More than 63 fires reported in the region in the past month have contributed to the destruction of the orangutans’ habitat, which has been devastated in the past 20 years.

An area of rain forest the size of 300 soccer fields is destroyed every hour, said Lis Key of International Animal Rescue, a United Kingdom-based non-governmental organization working to rescue animals in the region.

“It’s happening at an absolutely breathtaking rate,” Key said. “If this goes on, this could have a serious impact in extinction and bring it closer.”

Richard Zimmerman, executive director of Orangutan Outreach, a conservation group that is funding a firefighter program for people in the region, said the consequences of the fires are staggering.

“There are the homes of the biggest remaining populations of orangutans,” Zimmerman told ABC News. “The estimate is about 3,000 orangutans are lost each year; every loss is critical.”

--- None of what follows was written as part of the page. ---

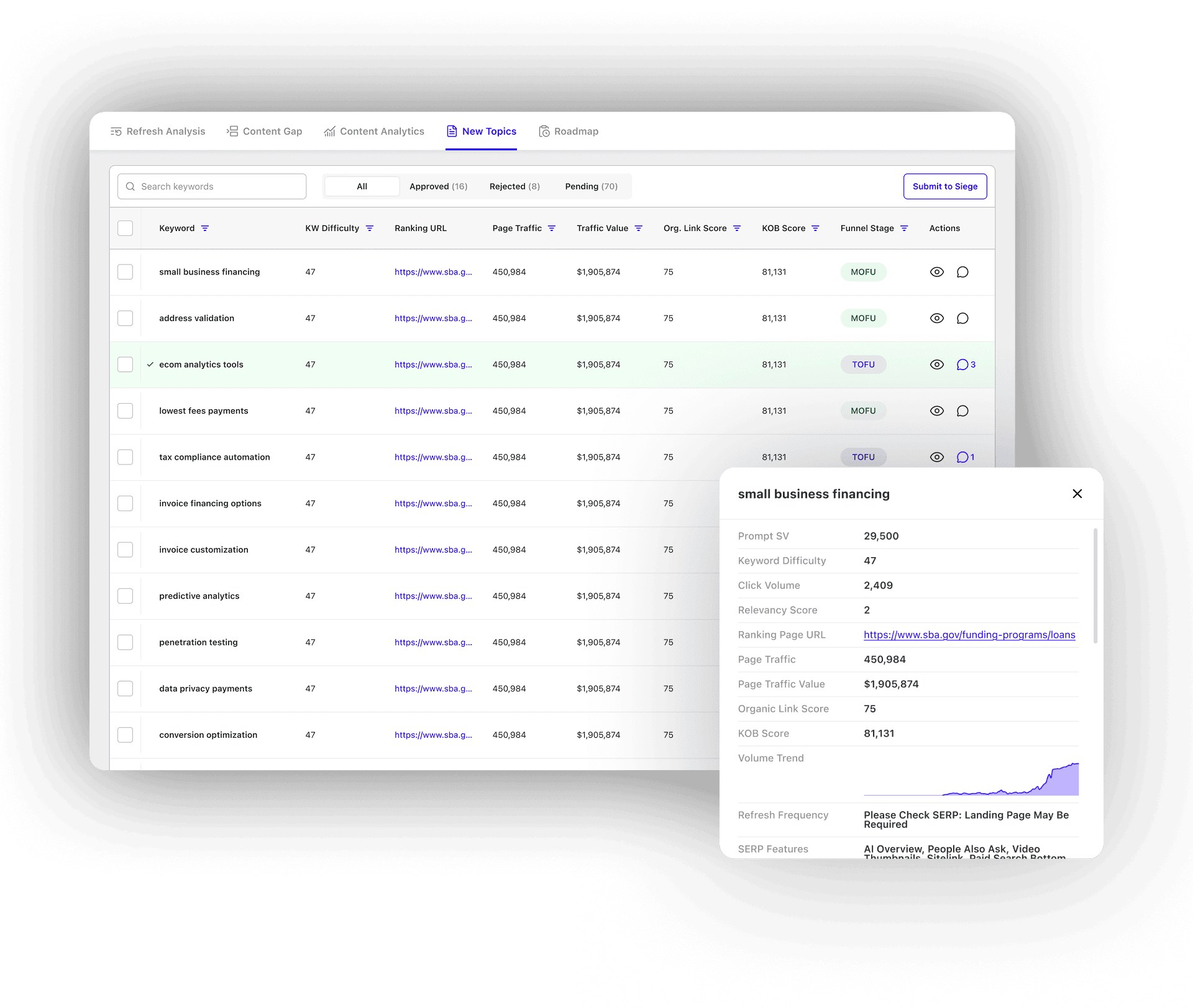 BlueprintIQ's New Topics tab.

Many rescued orangutans are babies because their mothers have either died in the fires, or been captured and killed by locals, Key said.

Tom Mills of Los Angeles-based Orangutan Conservancy, a non-governmental organization supporting programs in Indonesia, said the effects of the fires are devastating.

“The peatland where they live is so carbon-rich that it burns forever; once it starts going up, it just doesn’t stop,” Mills told ABC News.

“Orangutans are a keystone species; if they disappear, thousands of other species disappear.”